Se nessuno (o quasi) legge un programma politico, tutti potrebbero accettare di visionare una brochure confezionata secondo le regole della comunicazione pubblicitaria, naturalmente scaturita da un vero e proprio copy-test sulla comunicazione.
Quindi una brochure sintetica al massimo corredata di un testo perfettamente leggibile e di un contenuto di immagini che catturino l’attenzione. Sopratutto molti capoversi titolati con frasi emerse nel corso dei focus-group con gli elettori target, frasi semplici ed immediate. La brochure dovrebbe avere un formato standard, postalizzabile, con un peso entro la grammatura più conveniente (aspetti questi solo raramente osservati).

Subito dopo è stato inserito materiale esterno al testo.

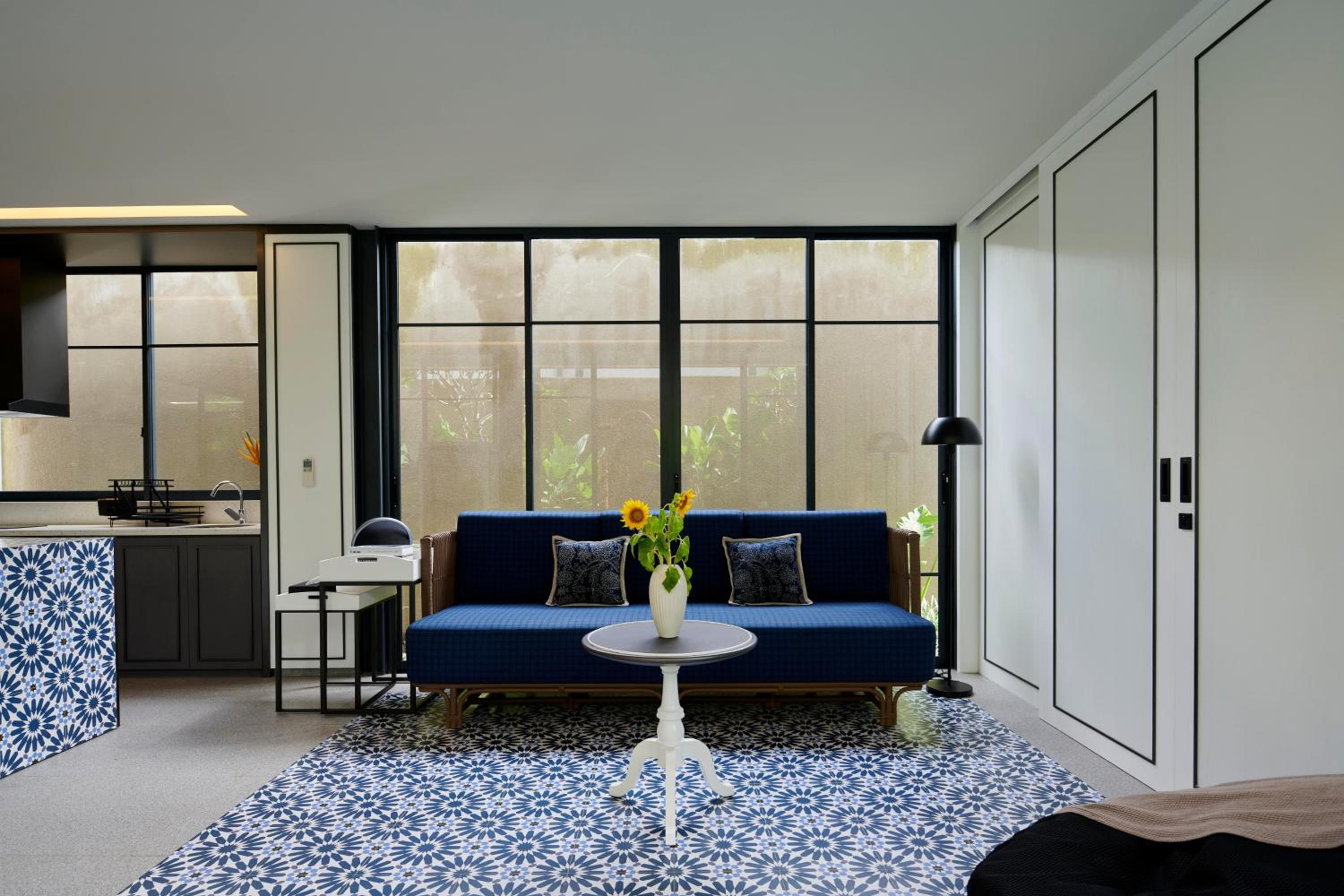 Family Room - Photo 24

La foto del candidato (in gergo “il santino”), resta inevitabile (ma dovrebbe vedere il candidato in situazione piuttosto che in primo piano), dovrebbe comunque essere corredata dalle attività sportive e gli hobby nei quali il pubblico target si possa, per affinità, riconoscere. Mai scordarsi che viene votata una persona “viva”, reale, credibile nelle sue promesse e che porta avanti delle idee originali (aspetti da verificare nel corso delle indagini qualitative).
In questo senso la scelta del codice colore deve considerarsi fondamentale, allineata con la personalità del candidato, il tutto all’insegna della massima semplicità.
Al minimo invece lo spazio destinato agli obiettivi e alle indicazioni, in chiaro, per raggiungerli, il tutto all’insegna della semplicità.
Comunque si deve parlare del candidato piuttosto che del partito, in linea con l’avvento del “partito personale”. Giriamola così, tanto per afferrare il concetto: “uno per tutti, anche se non, tutti per uno”.